I’ve been going to Pride for many years and really loving it. Sure, the festival has become more corporate-sponsored and less political all the time, but I still enjoyed being in a group of gay people announcing to the world that we are proud of who we are. This year I didn’t go, because Pride is no longer about gay and lesbian people. Pride is about trans people and the gays and lesbians are secondary.
For the last couple of years I’ve been reading blog posts by lesbians in different cities, in different countries, who are actually bullied by Pride organizers. We are told we have to accept trans women in lesbian spaces, and if we don’t, we are bigots. When we protest our comments are deleted and we are harassed. It’s gotten to the point now where I don’t believe that Dyke Marches are actually for dykes anymore, and I have no real interest in the main Pride parades since they were always mostly about men anyway. Essentially, the entire Pride festival is about men.
I knew something was wrong when I read about the misogynist heterosexual male who was the keynote speaker at London’s Dyke March last year. Then I saw a screenshot recently where a woman told another woman that if she objected to trans women marching in Toronto’s Dyke march she should go someplace else. That was the last straw. What kind of dystopia do I live in that actual lesbians are told to go somewhere else if they object to the presence of men in a march that is supposed to be for lesbians? Now that the Dyke marches in every city are explicitly anti-lesbian, I really do not feel I can attend.
Older lesbians are boycotting Dyke marches or protesting the inclusion of males but younger women are showing up and seeing this situation as normal and “inclusive.” I really feel bad for these young women who are being gas-lighted and forced to accept men in their lesbian community. I feel as though I should do something, maybe show up and protest, show younger women that they don’t need to put up with this shit, but I’m scared because I know if I protest I will be harassed and probably filmed and put on Youtube. I know I have to be prepared for that to happen before I plan something. I am a non-confrontational and sensitive person and I don’t know if I’ll ever have it in me to accomplish that.

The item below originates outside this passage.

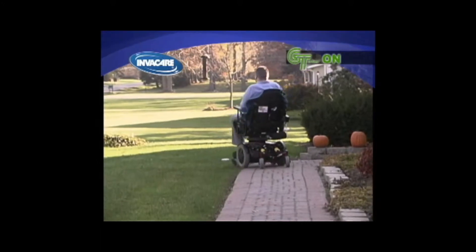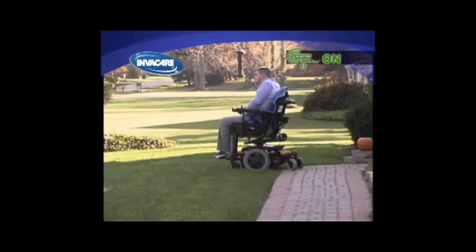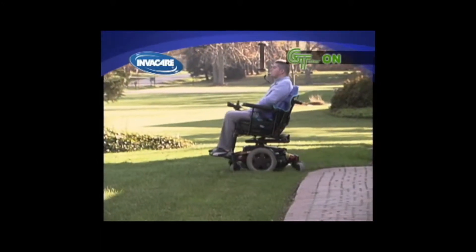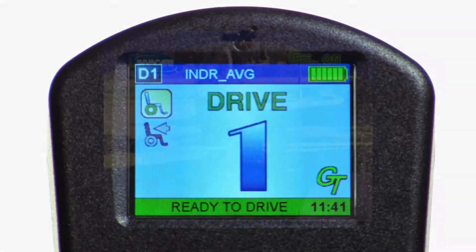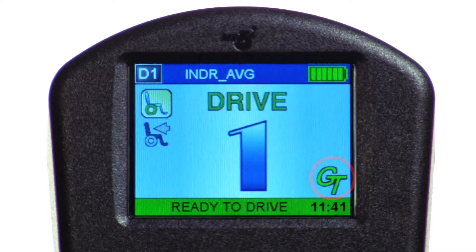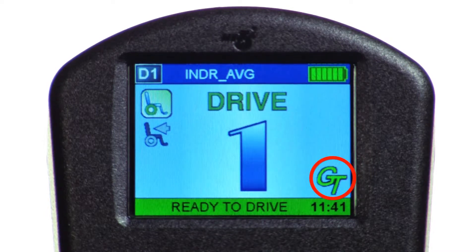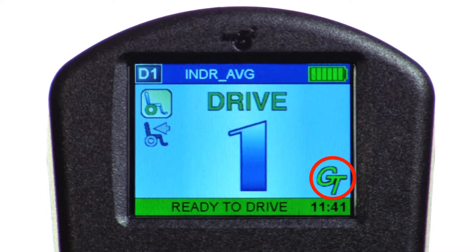You can quickly and easily determine if your Invacare power wheelchair is equipped with G-Track by the presence or absence of the G-Track symbol at the bottom right-hand corner of your MPJ joystick or display.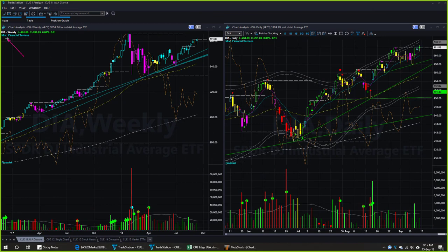Dow Jones Industrial Average ETF DIA: last week we had an indecisive doji-like candle and a neutral color. This week the candle shape is bullish and the color is also bullish. DIA was above the upper boundary lines, pulled back somewhat, and went up again. It is already close to the upper boundary lines, so we are not going to try any long trade right now.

There are trans marches in many cities now, and I’m okay with that. I see nothing wrong with trans people having a march to show their pride in being who they are. And I respect that space enough not to insert myself in it. I wouldn’t march in a trans march because I’m not trans. I think trans people should show lesbians the same respect. Lesbians are women attracted to other women, and we have the right to our own march. We have the right to our own spaces without being told we’re bigots. This is all about men getting to do whatever they want. Men do not respect women and they cannot respect boundaries and stay out of spaces where they are not invited. Even a group that is explicitly MRA marched in an Ontario pride parade this year. Pride is no longer about gay and lesbian pride, it’s about penis pride.
This year when my city had our Pride festival I did not go. Instead I hosted a small group of feminist women and we had a lovely meal and visit together. We actually spent a lot of time talking about the politics and biology of transition, because transgenderism is all over the news and all over everything right now. We feminists understand transgenderism very well. We are constantly told to “educate ourselves” by internet trolls but we are very highly educated on it and that is why we object. One of us had actually watched videos of sex change surgery and she explained to us in detail how surgeons invert a penis to form a fuck-hole and how they mutilate the vulva to create a fake phallis. She knew the approximate cost of different surgeries. I think feminists know way more about transgenderism than the trans activists do. Feminists also understand PTSD very well. We talked about how the body remembers trauma and when people wake up from surgery their bodies know they have been mutilated. Trans people are often in situations where they are unhappy with who they are the instead of providing therapy they are put under the knife, a process which is itself traumatic. No holistic healing is given to these people. Several female-to-male detransitioners have stated that they were abused as children and their doctors were willing to perform surgery on them without ever dealing with the emotional impact of their abuse. We want more for these people, we want real healing, and when we say we want more for them we are told we’re bigots. That’s the world we’re living in.
It is powerful when feminists come together as a group. It is powerful speaking openly without fear and supporting each other. It is very healing when we laugh together. We are not allowed to say that the penis is male in public anymore but when you get a group of women together who can laugh together about the concept of a female penis, that is powerful. We laughed, and it was healing. There is also a lack of power we are experiencing though because we have to meet in secret. We cannot advertise for new members, we cannot meet in public venues. When women do that we get harassed. So we meet in each other’s living rooms. Trans activists like to imagine that feminists are their oppressors and taking away their rights. Meanwhile, we are meeting in secret, crowding into small apartments for our events, and they have taken over the public spaces that used to be ours. It is we who have been excluded.
If any young lesbians or feminists are reading this, please understand that it has not always been this way and it doesn’t need to stay this way. Women used to advertise women-only events without being called bigoted or exclusionary. What’s happening right now is not right and it needs to change. It is a backlash against feminism. It is ancient, thousand-year-old misogyny dressed in a new outfit and pretending to be new.